We should all be very skeptical of what historical religions have to say, insomuch as religion and state have mutually evolved with one another. This means, simply because humans are organized from the bottom-up, that we can't change our nature - or societies, or religions - without acknowledging how deeply suboptimal our belief systems towards the mind have been. The self is entirely a function of attachment, and yet a love-deprived society can create the impression that the self is different from love; that conscioiusness, or motivation to know, can exist without the primacy of an attachment process between self and object. The object - the Other - is capitalized because it is basically the other half of our psychological process. This is what Vygostky got from a cognitive perspective, but infant researchers and developmental psychologists developed further.
I for one am reconciled to this view - and its a beautiful one. If you are adapted to a less-loving image of the universe, or yuor self, you may find it overwhelming; but this is merely a reaction between your existing belief system (and your attachment to it) and a more expansive and encompassing one.
There still remain fronteirs to be crossed.
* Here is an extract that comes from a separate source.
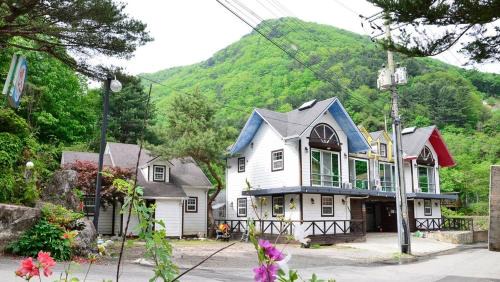 Buk House | Gapyeong Valley Hyu Pension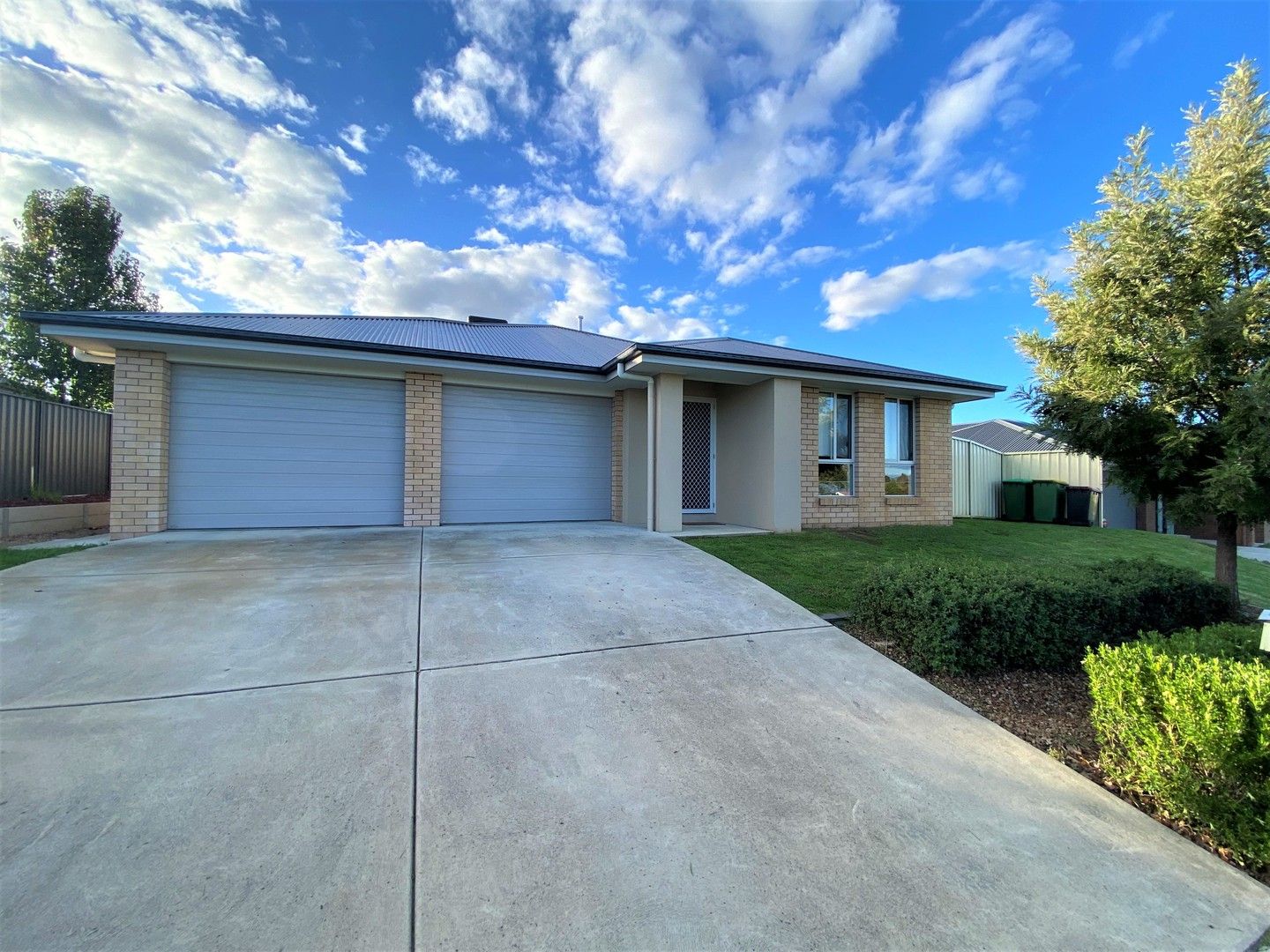 5 bedrooms Block of Units in 65 Carstens Street LAVINGTON NSW, 2641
The universe for humans (in my opinion) becoems more interesting and subtle from here on out; hopefully leaving the chaos and trauma worship of the past behind.
originally posted by: Sheye
Your threads are on the university or college level of learning intricate stuff about the brain and how it relates to consciousness.
I’ll be honest and say much of it is too detailed and inticate for my simple mind to comprehend easily, but I do appreciate you putting the effort into such threads.
You are obviously a very intelligent person who I assume is either learning about how the brain works or is teaching it to others.